Human anaplasmosis, caused by the obligate intracellular bacterium Anaplasma phagocytophilum,
is one of the most common tick-borne diseases in the United States. In mammals and ticks, A.
phagocytophilum resides in neutrophils and in salivary glands, respectively. Despite numerous studies that
have focused on understanding strategies that A. phagocytophilum uses to survive in the mammalian
cells, relatively few studies have clearly defined the molecular strategies that A. phagocytophilum uses to
survive in ticks. In this project, we will be performing a comprehensive molecular analysis on Ixodes
scapularis organic anion transporting polypeptides (OATPs) and genes involved in the tryptophan
metabolism pathway in A. phagocytophilum-tick interactions. This study is build upon our efforts in
showing how A. phagocytophilum modulates gene expression and cell signaling for its survival in the
vector. As an example, our previous studies has shown that A. phagocytophilum modulate tick antifreeze
gene expression and actin phosphorylation for its survival in the vector. Here, we provide strong
preliminary in vitro and in vivo data showing that A. phagocytophilum induces expression of a specific
OATP (OATP4056) and kynurenine aminotransferase (KAT), a gene involved in the tryptophan pathway.

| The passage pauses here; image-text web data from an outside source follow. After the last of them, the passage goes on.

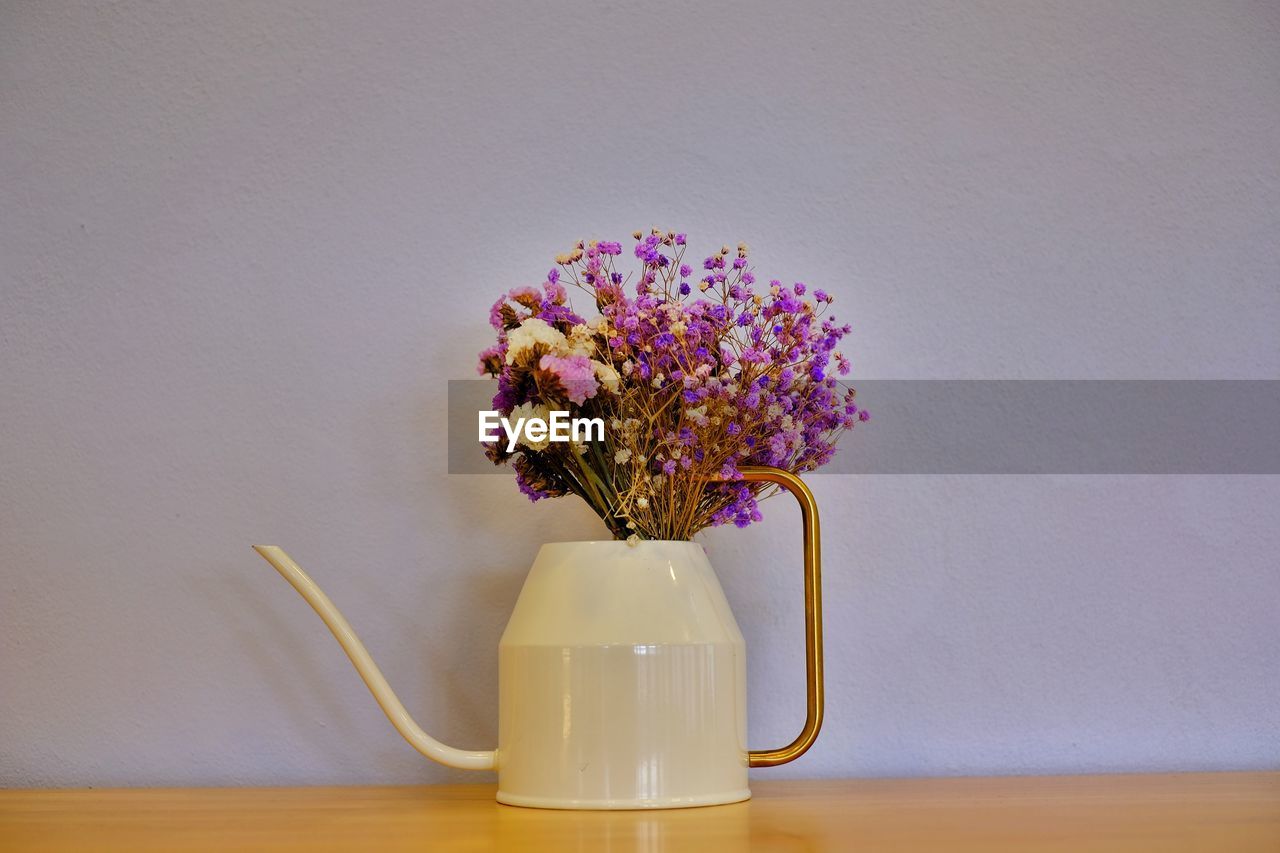 Close-up of flower vase on table against wall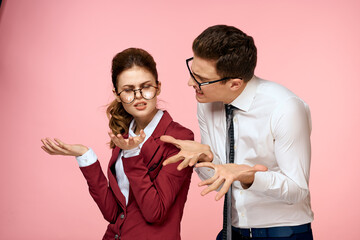 business man and woman office work colleagues team office management studio pink background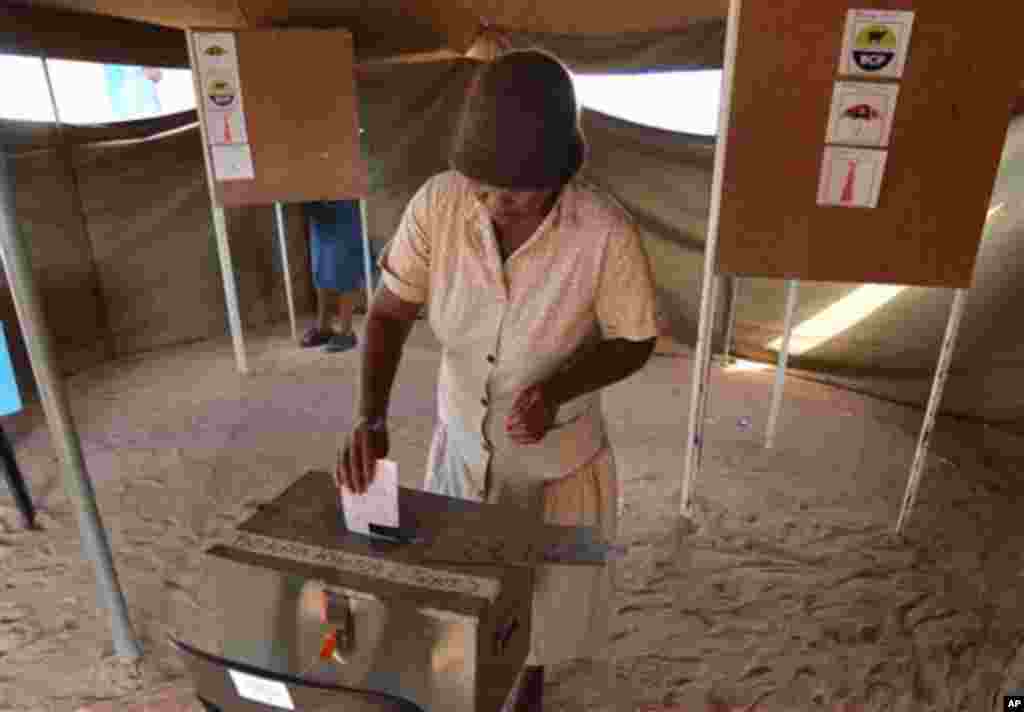 Un électeur dépose son bulletin de vote à un bureau de vote à Gaborone, au Botswana, le vendredi 24 octobre 2014. Les agents électoraux disent que le vote a commencé sans incident où des analystes estiment que le parti au pouvoir va gagner malgré le mécontentement croissant dans les zones urbaines. 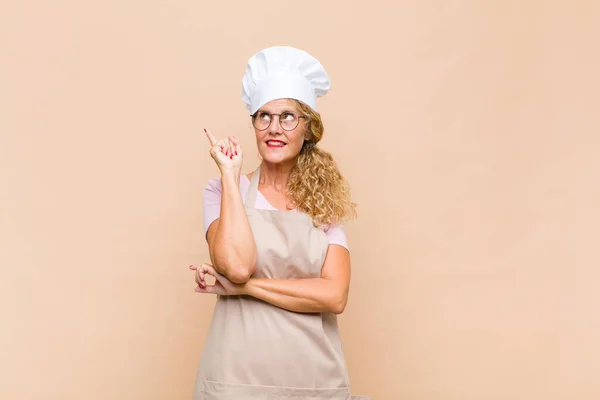 middle age woman baker smiling happily and looking sideways, wondering, thinking or having an idea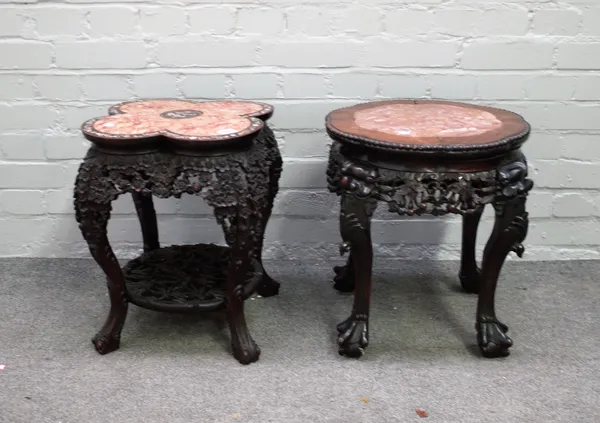 A late 19th century Chinese carved hardwood jardiniere stand, with marble inset top, 43cm wide x 48cm high, together with another similar, (2).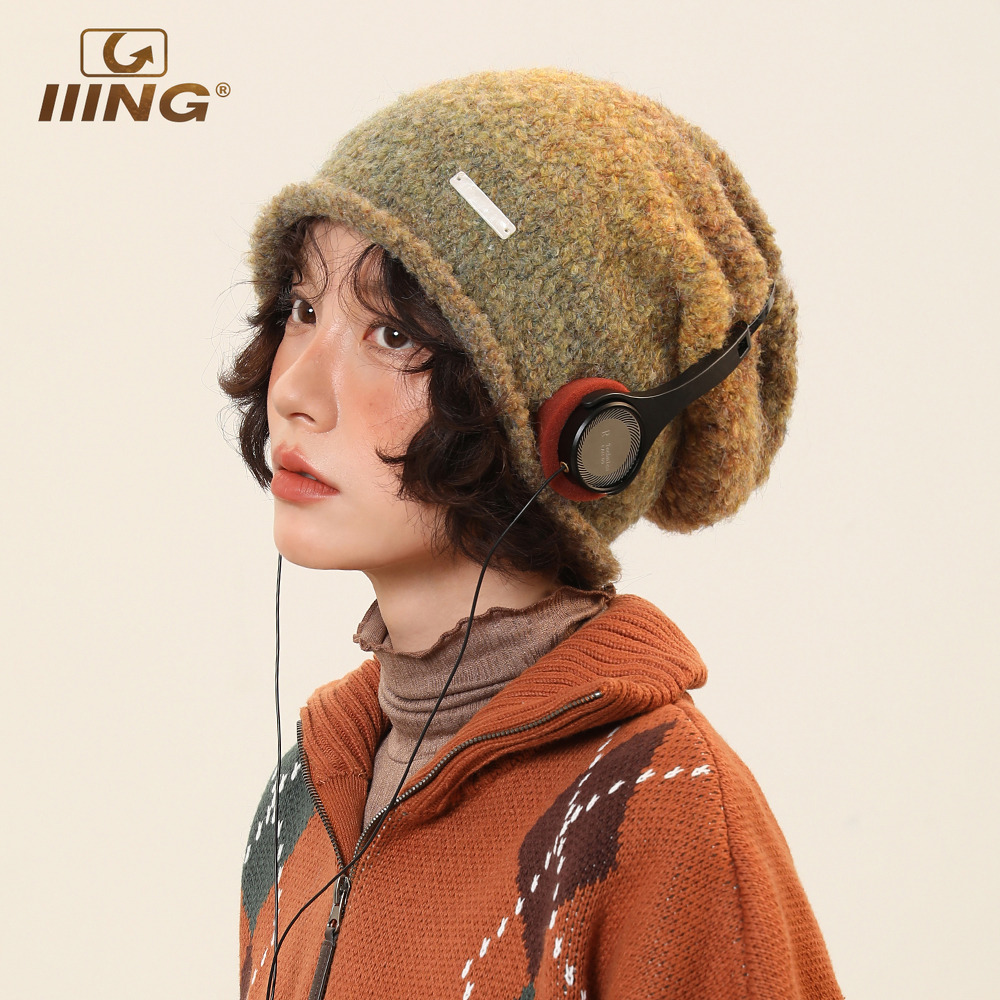 渐变色设计修饰脸型巨显脸小帽子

We now hypothesize that interplay between OATP4056 and KAT not only facilitates A.
phagocytophilum survival in the vector but also aid in the transmission of this bacterium to a
vertebrate host. RNAi analysis revealed that knockdown of OATP4056 has no effect on A.
phagocytophilum acquisition but affected its survival and transmission from these ticks. Electrophoretic
mobility shift assays with promoter region and total lysates prepared from uninfected and A.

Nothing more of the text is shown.